The Coconino County Planning and Zoning Commission reviewed the proposed Flagstaff Regional Land Use Plan update during its Oct. 29 study session, asking staff to clarify how the plan boundary, urban growth boundary and airport safety overlay would affect county parcels.
Melissa, a county long-range planner, told commissioners the regional plan is intended to function as a joint city–county document and that its purple boundary matches the Metropolitan Planning Organization’s transportation boundary. She said the plan’s policies are organized around two core priorities — housing attainability/equity and climate action — and four complementary priorities including natural resources and resilient services.

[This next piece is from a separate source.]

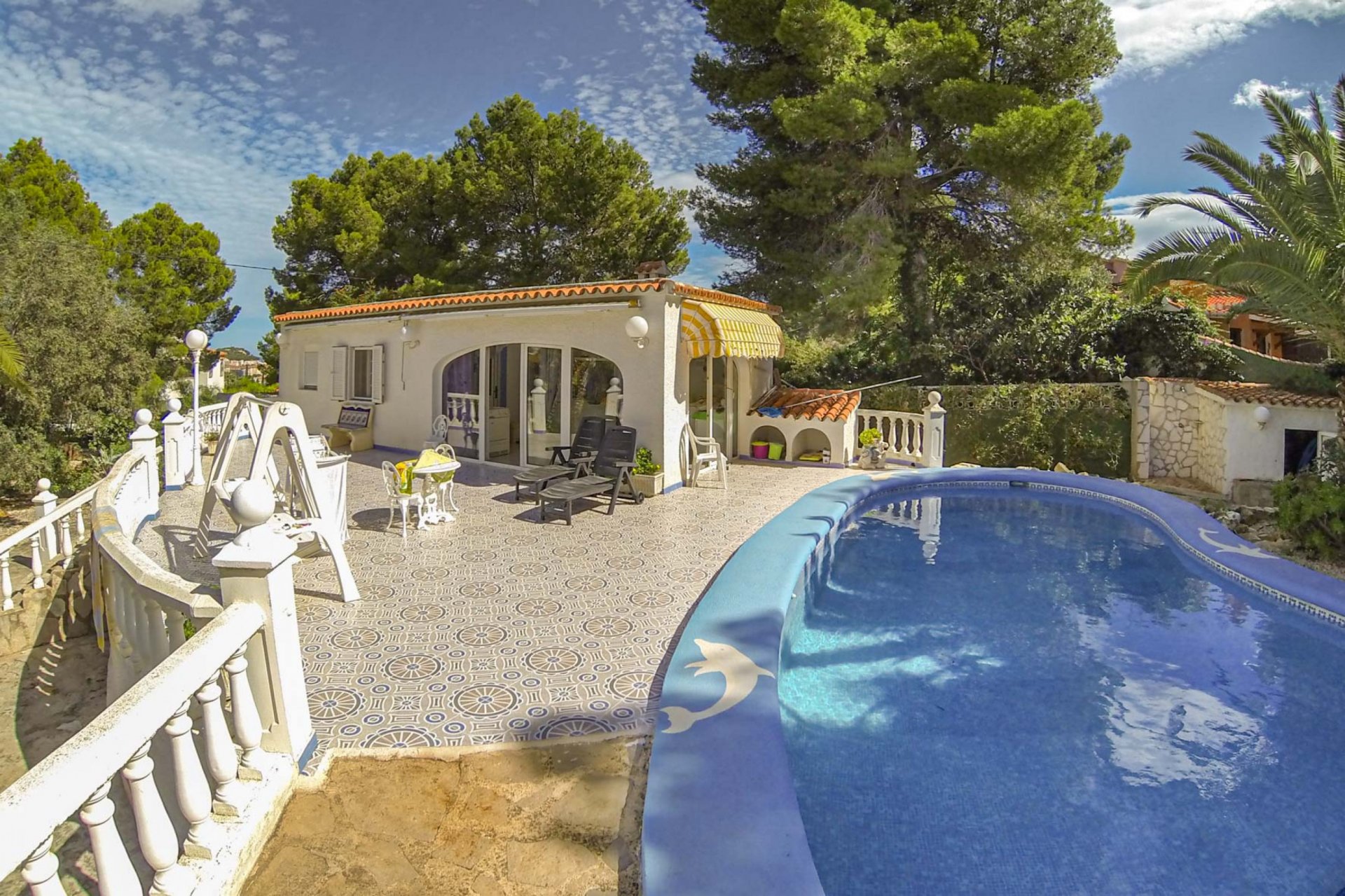 Willa w Denia, Alicante, Hiszpania 6 sypialni, 411 mkw. nr 80753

Commissioners pressed Melissa on why the MPO boundary produces parcel “cut-offs” in the parks-area plans and whether the county could revise the boundary. Melissa said the MPO boundary has been used for transportation funding and that changing it would require action through MetroPlan and the city. “If it touches a portion of a parcel, then it would include the whole thing,” she said, noting the plan follows existing parcel lines in most places.
The commission also discussed the plan’s future growth illustration and the urban growth boundary (UGB). Melissa described the UGB as a tool to identify areas where the city will limit expansion of services, and said an interactive, zoomable map is planned so the public can see parcel-level designations. Commissioners asked how the UGB relates to developable lands near Belmont and other communities; staff said much of the land outside the UGB is federal or otherwise not available for development and that the map reflects existing zoning and service assumptions.
Airport and public-safety issues surfaced when Vice Chair Wilson asked why Pulliam Airport appears as a county goal. Melissa said the plan supports the airport as a regional transportation hub and incorporates an expanded airport safety overlay to reflect new federal safety standards and the airport’s changed safety zones.
Melissa outlined the adoption schedule: the Flagstaff City Council adopted the plan Oct. 9, but city implementation is contingent on voter approval of a May 2026 initiative. The county’s Planning & Zoning hearing is scheduled for Dec. 3; depending on that outcome, staff has tentatively scheduled the Board of Supervisors hearing for Jan. 20, 2026. Melissa told commissioners the city’s adoption and the county schedule could result in county adoption occurring before the city’s May election becomes effective.
Why it matters: the regional plan covers communities where about two-thirds of the county’s population lives and will guide rezoning, subdivisions and capital-improvement decisions. Commissioners asked staff to provide more detail at the Dec. 3 hearing on the parcels that the plan partially touches, forest-management policies linked to wildfire and flood risk, and any proposed changes between the version the city adopted and the county draft.
Staff follow-up: Melissa said staff will provide parcel-level PDFs for areas of concern, compare the final city-adopted text with the county draft, and return with more detail about the airport overlay and specific forest-management and water-resource policies at the Dec. 3 hearing.